Cameraphones and social media are chipping away at naturists’ sense of their own anonymity, while tourism and Germany’s growing multiculturalism are affecting popular attitudes in complex ways.But before we look at how things are changing, we need to look at how a practice that would seem relatively taboo in contemporary North America became so widely accepted in the first place.The rise of cameraphones and social media networks means that naturists are more likely to fear for their anonymity.
The country is one of the few places in the world where naturism occurs not just in secluded areas, but in the heart of major cities.
German-style public nudity, known as Depending on an outsider’s personal convictions, FKK adherents can illustrate either that Germans are complete cranks, or that the country is a prudery-free paradise.
From the point of view of the Naturist Federation, Facebook has long since become a kind of "public space." Their theory is strengthened by the fact that things that people write or publish on Facebook can lead to their being fired...
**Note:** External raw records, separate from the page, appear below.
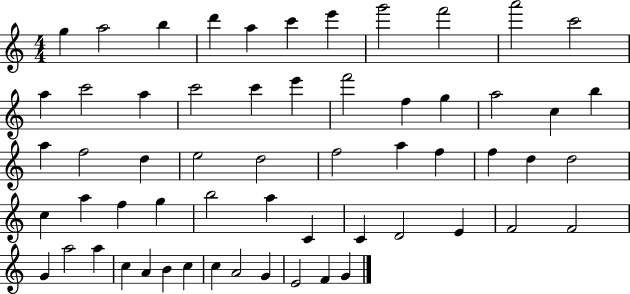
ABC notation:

X:1
T:Untitled
M:4/4
L:1/4
K:C
g a2 b d' a c' e' g'2 f'2 a'2 c'2 a c'2 a c'2 c' e' f'2 f g a2 c b a f2 d e2 d2 f2 a f f d d2 c a f g b2 a C C D2 E F2 F2 G a2 a c A B c c A2 G E2 F G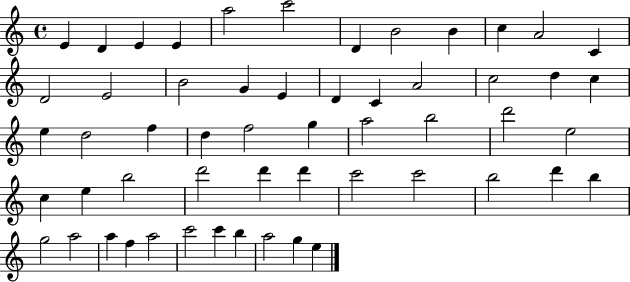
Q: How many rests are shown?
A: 0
It is often enough to post a photo of a woman’s back of women or a men on an air mattress and your account will be blocked or you’ll get a request from Facebook to stop posting that kind of picture.” Meanwhile, migration and tourism have made Germany a far less homogenous place, leaving some German naturists anxious that not everyone knows the rules—both written and unwritten.
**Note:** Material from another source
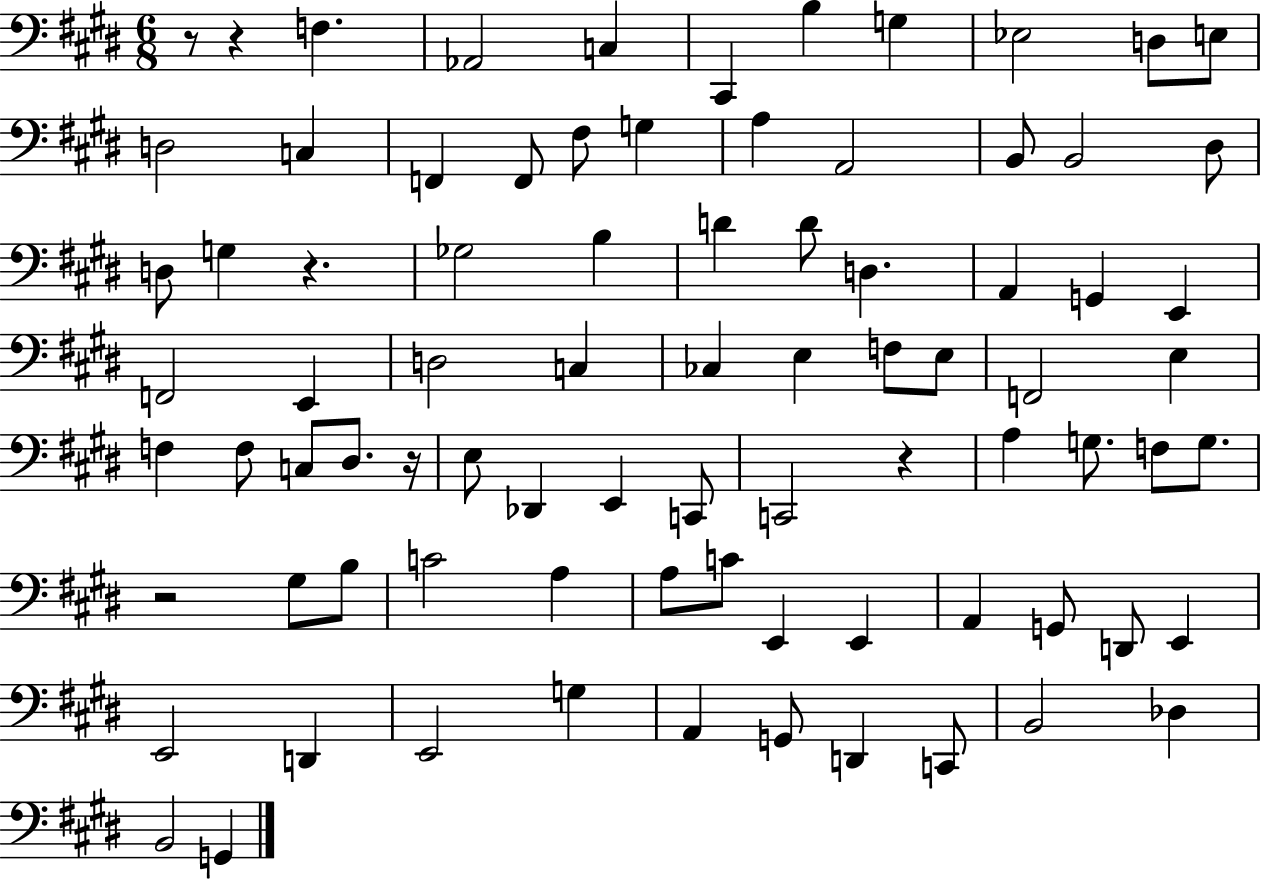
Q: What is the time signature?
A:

The official beginning of naturism’s modern German revival, however, dates to 1898, when the first naturist association was founded in the city of Essen.
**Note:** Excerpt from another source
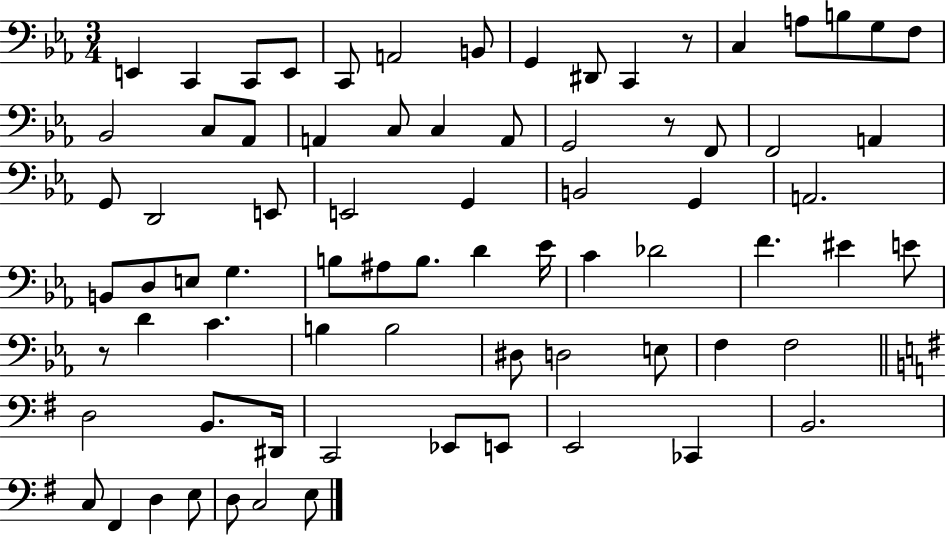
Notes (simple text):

E2/q C2/q C2/e E2/e C2/e A2/h B2/e G2/q D#2/e C2/q R/e C3/q A3/e B3/e G3/e F3/e Bb2/h C3/e Ab2/e A2/q C3/e C3/q A2/e G2/h R/e F2/e F2/h A2/q G2/e D2/h E2/e E2/h G2/q B2/h G2/q A2/h. B2/e D3/e E3/e G3/q. B3/e A#3/e B3/e. D4/q Eb4/s C4/q Db4/h F4/q. EIS4/q E4/e R/e D4/q C4/q. B3/q B3/h D#3/e D3/h E3/e F3/q F3/h D3/h B2/e. D#2/s C2/h Eb2/e E2/e E2/h CES2/q B2/h. C3/e F#2/q D3/q E3/e D3/e C3/h E3/e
Intertwined with 20th-century movements aspiring to promote public health, the idea in an age of heavy clothing and smoky urban air was primarily to help people escape from unhealthy, polluted cities.
This has pushed naturism into the shadows somewhat, and also makes it difficult for naturist associations and events to promote themselves.
"Facebook limits naturists in their freedom of expression,” complained the President of the International Naturist Federation in 2015 to a German-language tech magazine: “We are being marginalized.
While neighboring Poles and Czechs frequently travelled to Eastern Bloc beach destinations such as Yugoslavia and Bulgaria, East Germans’ freedom of movement was relatively curtailed.
It’s not always easy to feel that you’ve left office or factory life behind when you’ve only traveled 50 miles or less down the road.
Their nakedness was a departure from everyday convention, just as their actual bodies broke with routine by leaving built-up areas to discover and bond with nature.